Patients were more likely to take a rapid HIV test when substance abuse treatment programs offered the test onsite rather than referred for offsite testing. Patients were equally likely to accept and learn their HIV status whether the offer of onsite testing was accompanied by 30 minutes of risk reduction counseling or by 5 minutes of brief information on the testing procedure. Onsite testing accompanied by brief information was cost effective, taking into account the projected lifetime costs of treatment and the gains in health and longevity for detected cases.
People who use prescription opiates nonmedically are more likely to consider suicide than those who use these medications only appropriately or not at all. A recent NIDA-supported study also disclosed that the risk for suicidal thoughts remains elevated after cessation of use.
Teens who participated in the intervention Strong African American Families‒Teen at age 16 reported fewer conduct problems and depressive symptoms and less substance abuse at age 17‒18, compared to peers exposed to a control intervention.
The NIDA-supported Good Behavior Game recently was honored with the 2012 Mentor International Best Practice Award.
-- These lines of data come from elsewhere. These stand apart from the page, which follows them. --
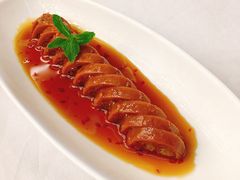 -丰收日·小海鲜·沪上家宴(顾村正大店)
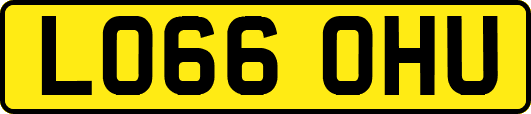 LO66OHU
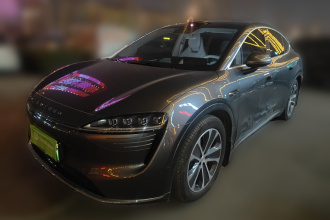 鸿蒙智行 智界R7 2024款 纯电 802km Max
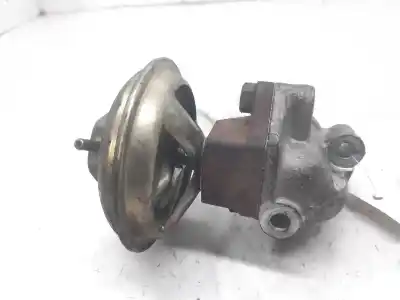 Second-hand car spare part egr valve for daewoo lanos sx oem iam references 17089050s  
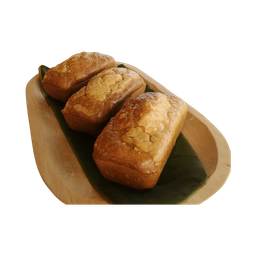 Almond Bread 250g / Pan de Almendra 250g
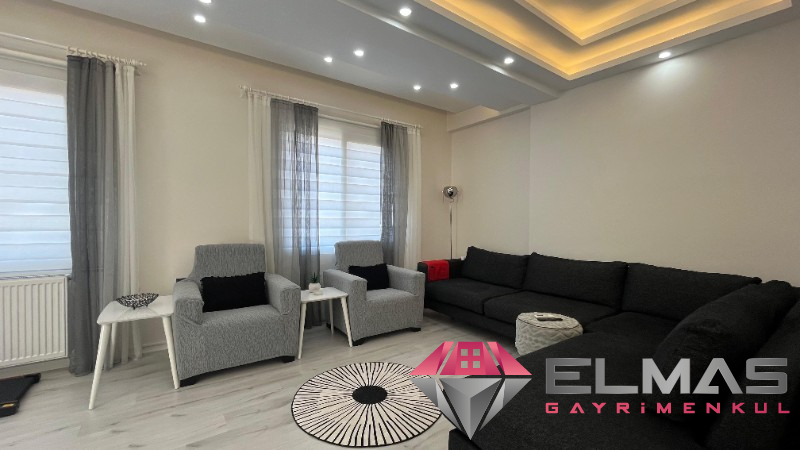Elmas’tan Davultepe’de Yeni Nesil Bağımsız Mutfak Doğalgazlı 2+1
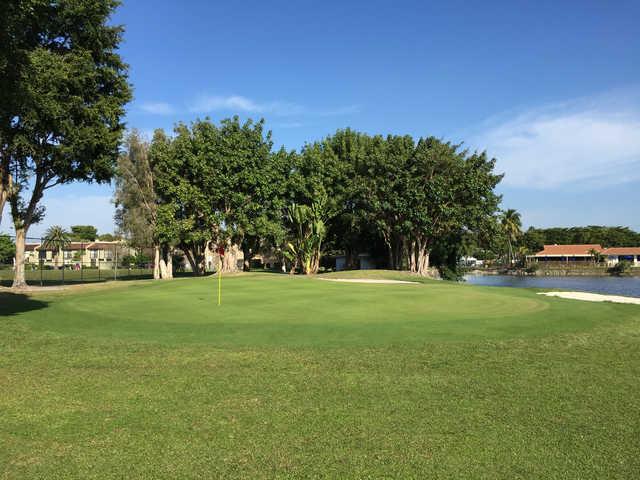 Costa del Sol Golf Club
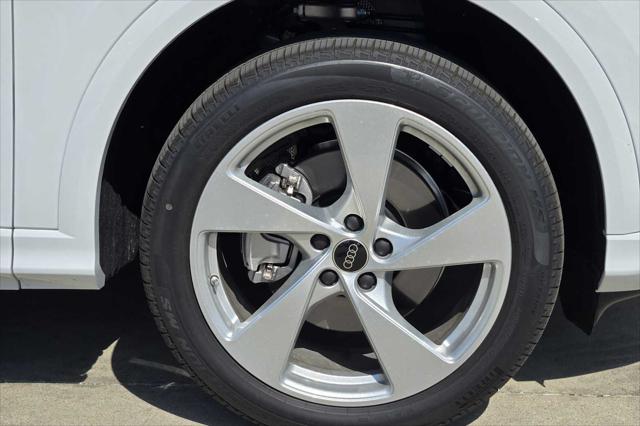 2025 Audi Q5 Sportback Premium Plus - Photo 7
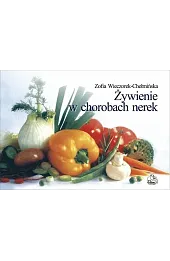 Żywienie w chorobach nerek
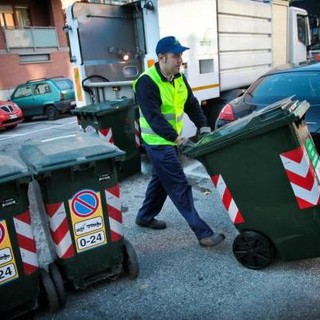 Amiat si scusa per i disagi causati dalla sospensione servizio raccolta rifiuti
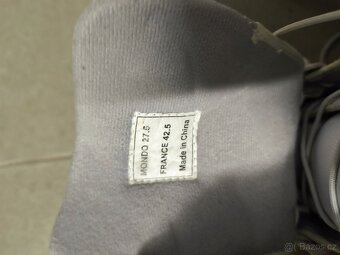 Snowboard pro začátečníka - 4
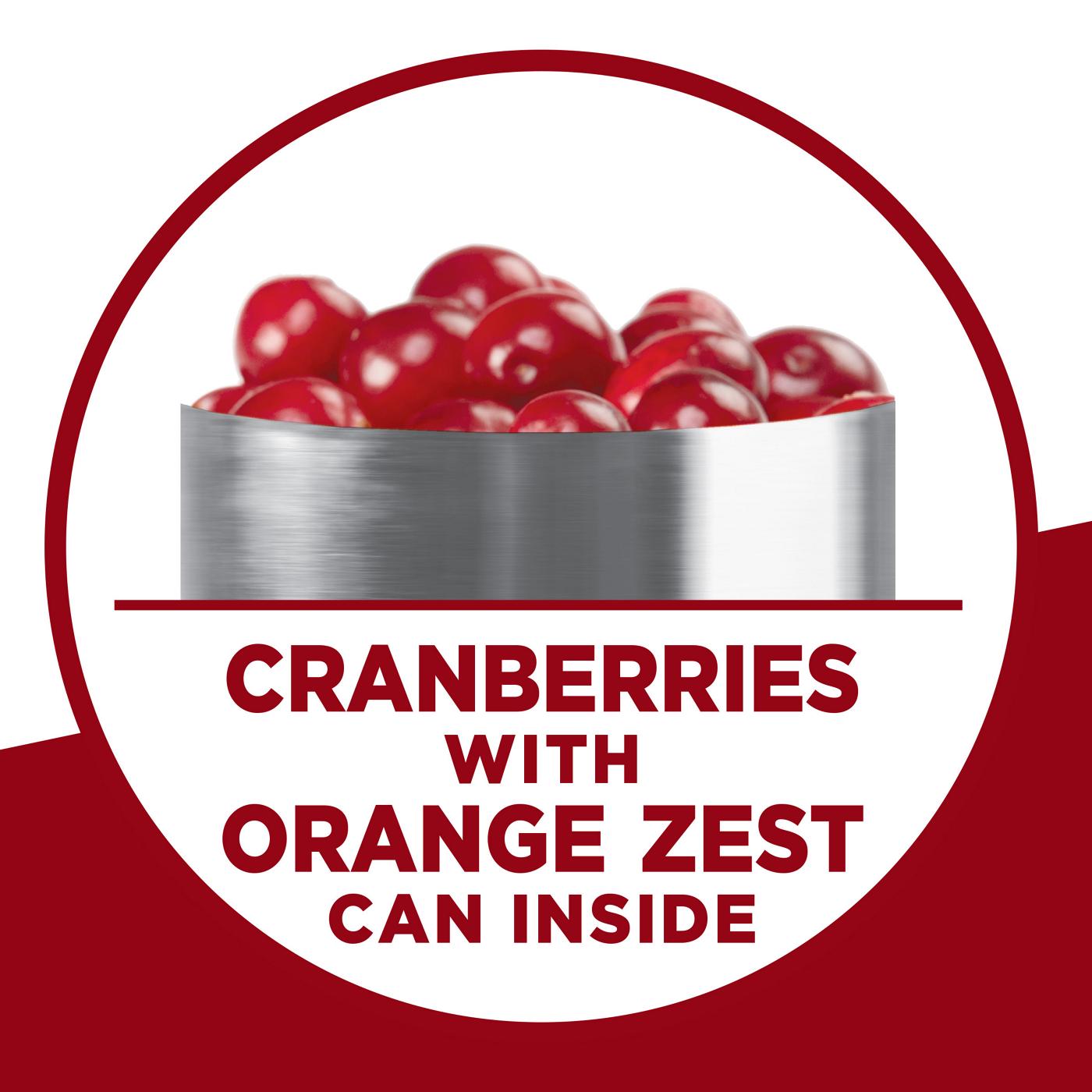 Krusteaz Cranberry Orange Muffin Mix; image 2 of 7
The game, which focuses on reducing disruptive behaviors in elementary school classrooms, has been shown to prevent drug abuse and other problems in adolescence and young adulthood.
A modified therapeutic community program designed by NIDA-supported researchers helped Colorado offenders with co-occurring substance use and mental health disorders re-enter their communities and avoid recidivism after release from prison.
Pregnant women who received financial incentives to refrain from smoking during late pregnancy were more successful at remaining abstinent and less likely to have babies with low birth weight, according to data from three trials.
April 2012 A program involving home visits by nurses to low-income first-time mothers, starting during pregnancy and extending into the second year of their children’s lives, has a positive and long-lasting impact on families. Children who participated in the program were less likely than others to report having used alcohol, cigarettes, or marijuana at age 12.